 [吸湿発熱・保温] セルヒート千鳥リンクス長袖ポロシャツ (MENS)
* * *
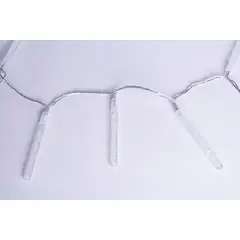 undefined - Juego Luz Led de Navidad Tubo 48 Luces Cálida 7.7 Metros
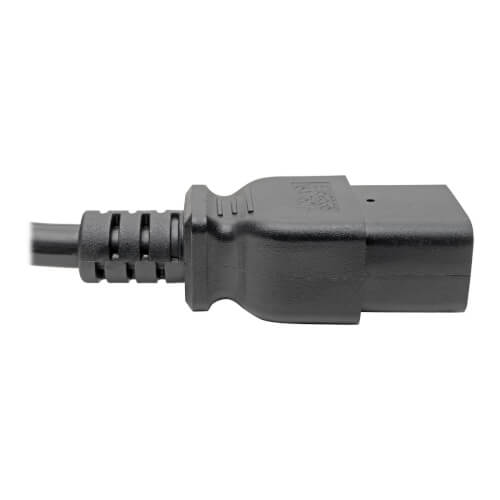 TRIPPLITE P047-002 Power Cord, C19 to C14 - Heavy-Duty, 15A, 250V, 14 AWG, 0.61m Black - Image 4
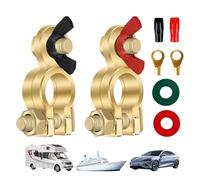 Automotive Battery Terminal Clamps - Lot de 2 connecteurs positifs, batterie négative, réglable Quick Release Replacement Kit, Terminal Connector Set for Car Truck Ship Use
---
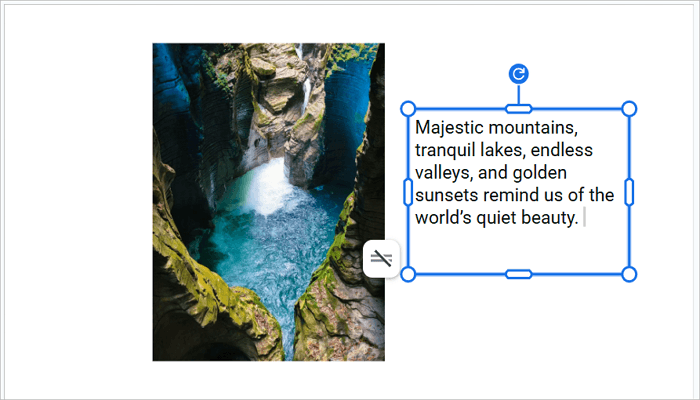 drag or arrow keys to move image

What you should do:
With the pictures omitted, restate word for word the lines above from the line that has "undefined - Juego" up to and including the line that has "Automotive Battery Terminal", and no other lines.

Result below:
 undefined - Juego Luz Led de Navidad Tubo 48 Luces Cálida 7.7 Metros
 TRIPPLITE P047-002 Power Cord, C19 to C14 - Heavy-Duty, 15A, 250V, 14 AWG, 0.61m Black - Image 4
 Automotive Battery Terminal Clamps - Lot de 2 connecteurs positifs, batterie négative, réglable Quick Release Replacement Kit, Terminal Connector Set for Car Truck Ship Use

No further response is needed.